### [Data provided]
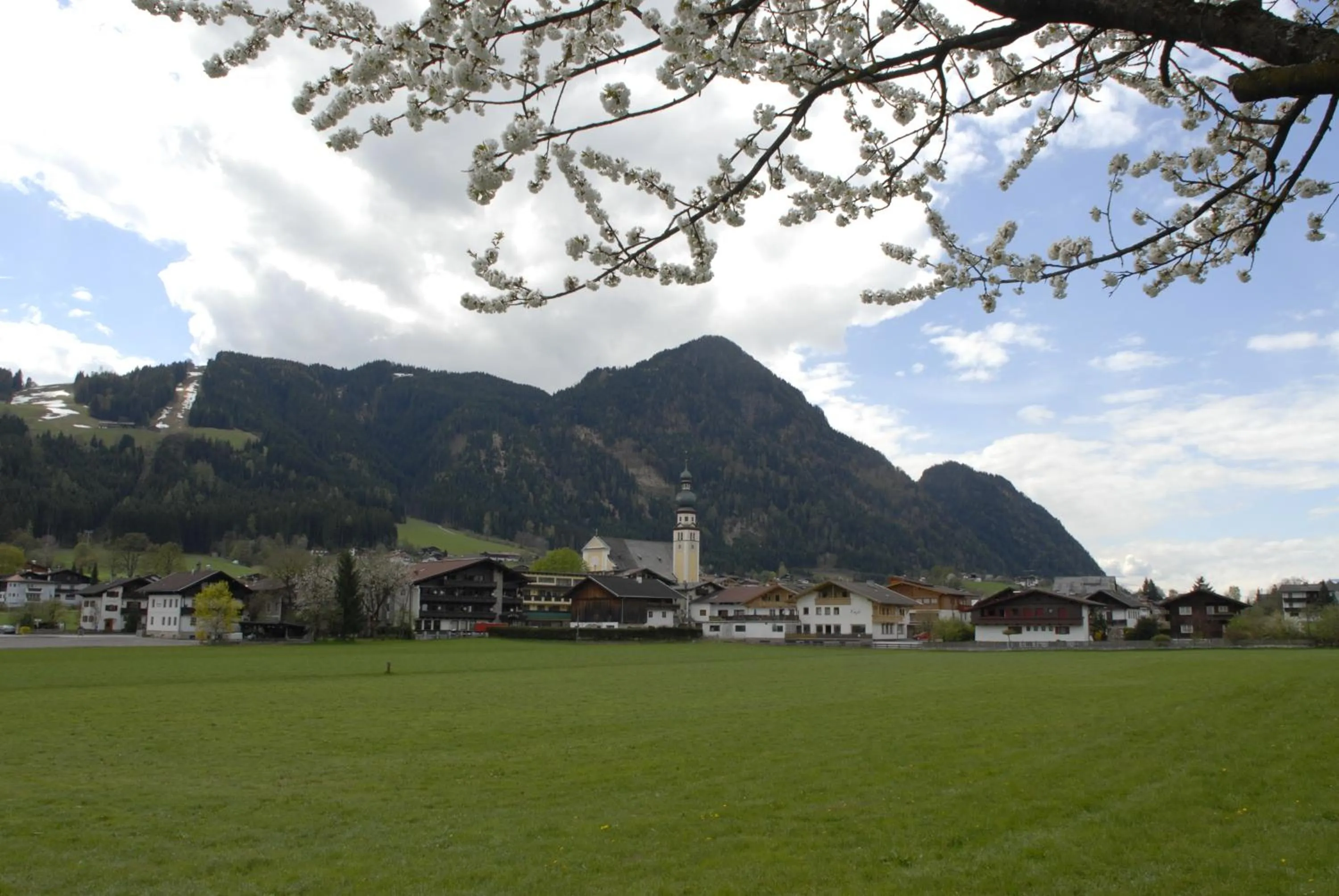 Spring in Hotel Stockerwirt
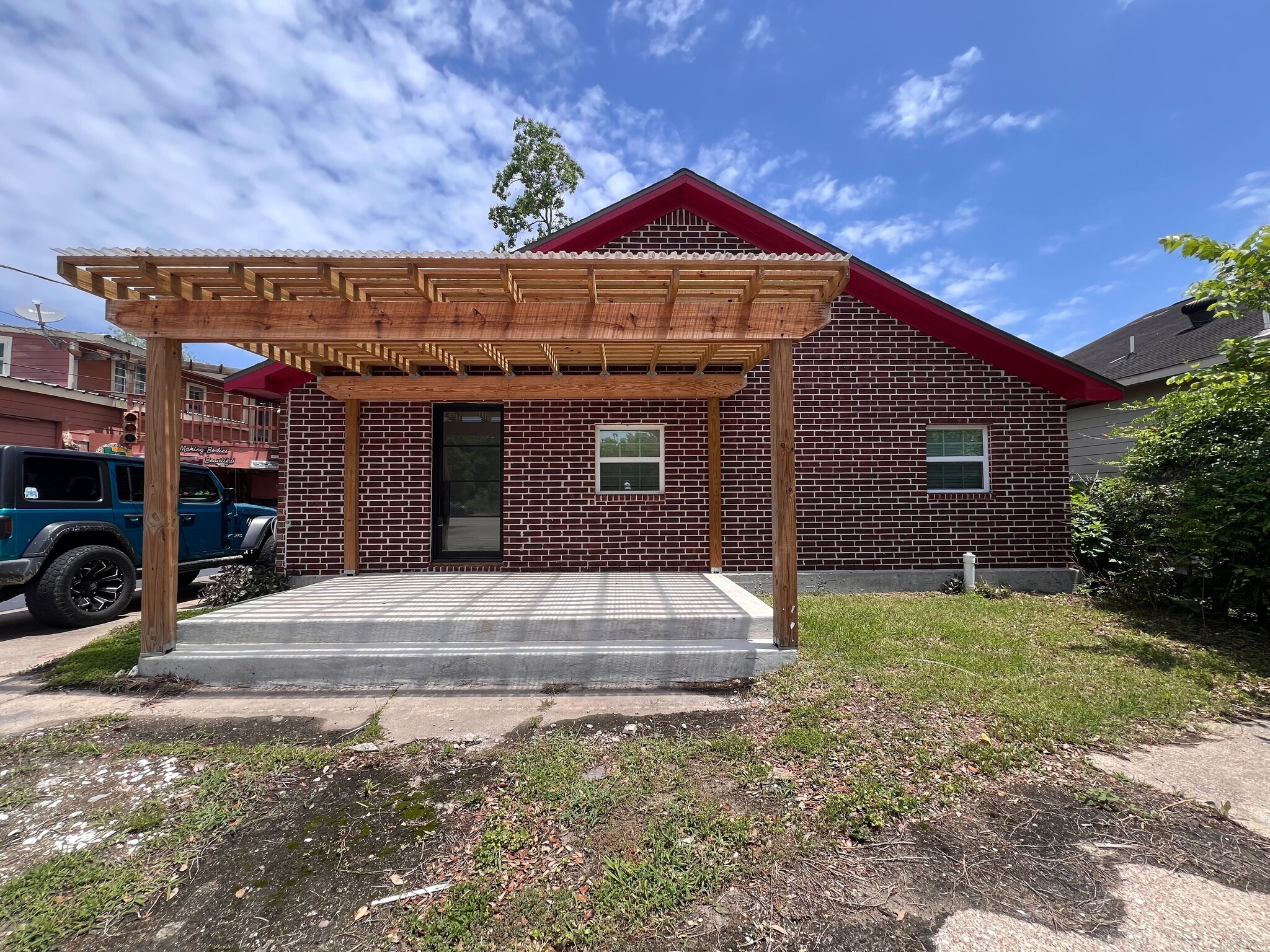 2209 Highway 3, Dickinson, TX for Sale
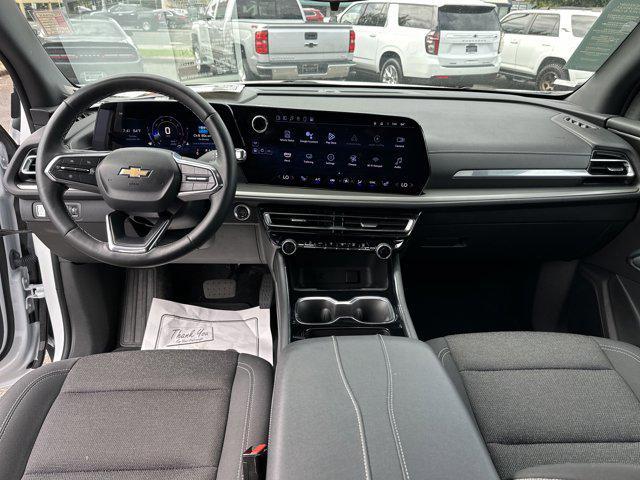 used 2025 Chevrolet Traverse car, priced at $36,988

### [Problem requirements]
Print the material above verbatim except the pictures.

### [Exercise response]
 Spring in Hotel Stockerwirt
 2209 Highway 3, Dickinson, TX for Sale
 used 2025 Chevrolet Traverse car, priced at $36,988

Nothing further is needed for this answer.